## Your assignment:
In the listing below, find the line with "Short Casual Polo" and the line with "Yamaha TRBX604FM 4-String", then return them and every line between them exactly, minus the pictures.

## Supplied data:
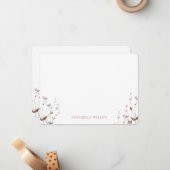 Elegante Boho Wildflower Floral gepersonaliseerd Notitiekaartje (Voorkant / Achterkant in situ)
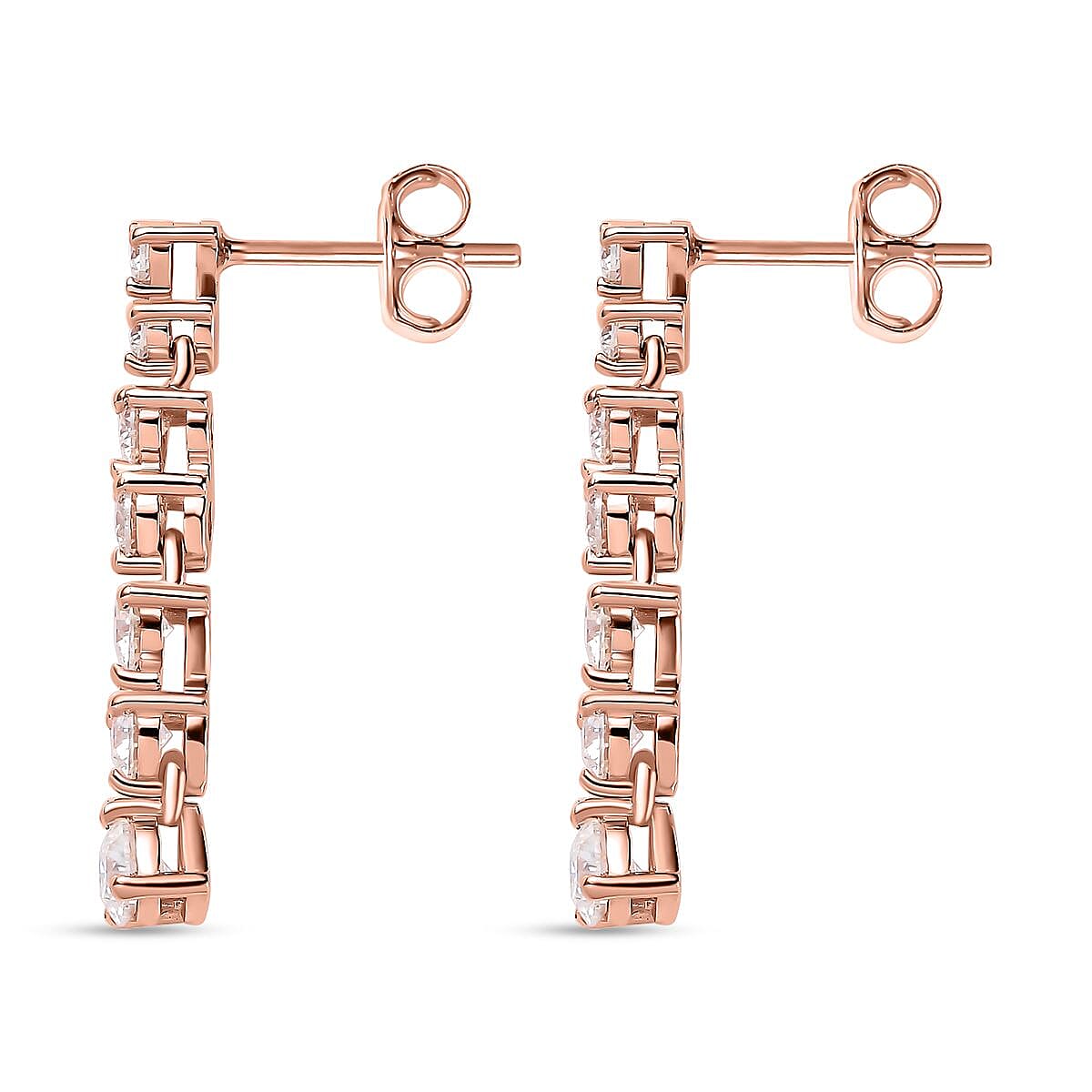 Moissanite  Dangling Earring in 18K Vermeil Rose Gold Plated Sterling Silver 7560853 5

---

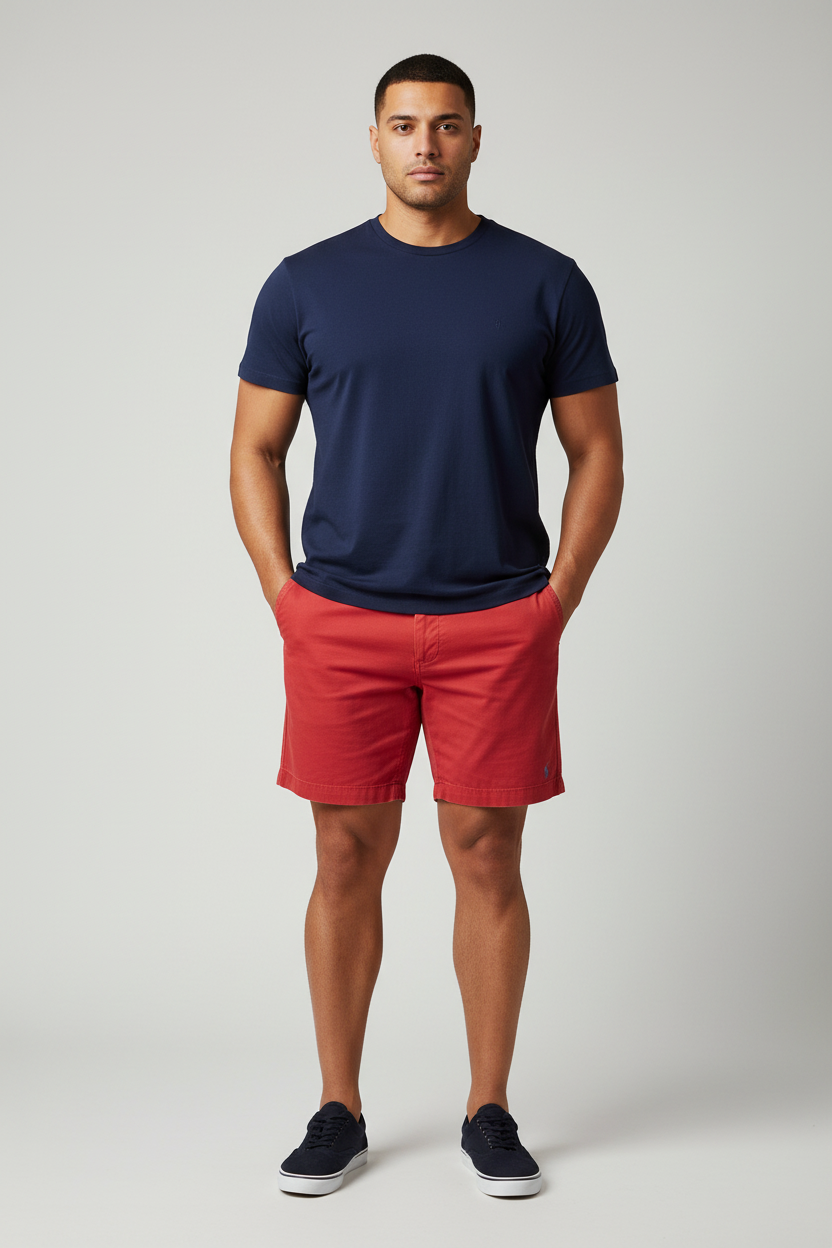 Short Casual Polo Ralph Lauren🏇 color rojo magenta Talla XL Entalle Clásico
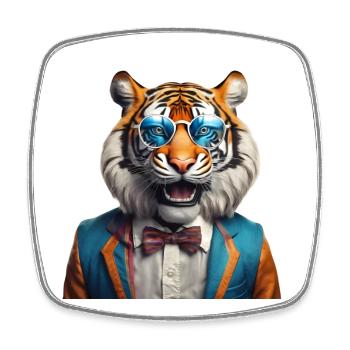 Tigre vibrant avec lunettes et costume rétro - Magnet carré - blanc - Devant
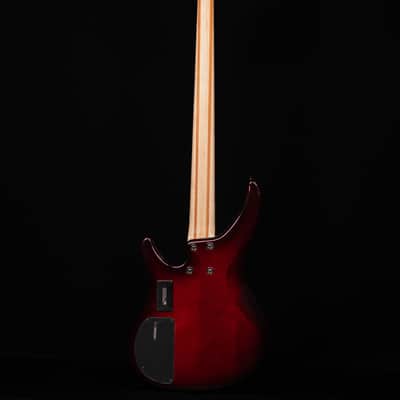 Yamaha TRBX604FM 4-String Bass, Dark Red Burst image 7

## Answer section:
 Short Casual Polo Ralph Lauren🏇 color rojo magenta Talla XL Entalle Clásico
 Tigre vibrant avec lunettes et costume rétro - Magnet carré - blanc - Devant
 Yamaha TRBX604FM 4-String Bass, Dark Red Burst image 7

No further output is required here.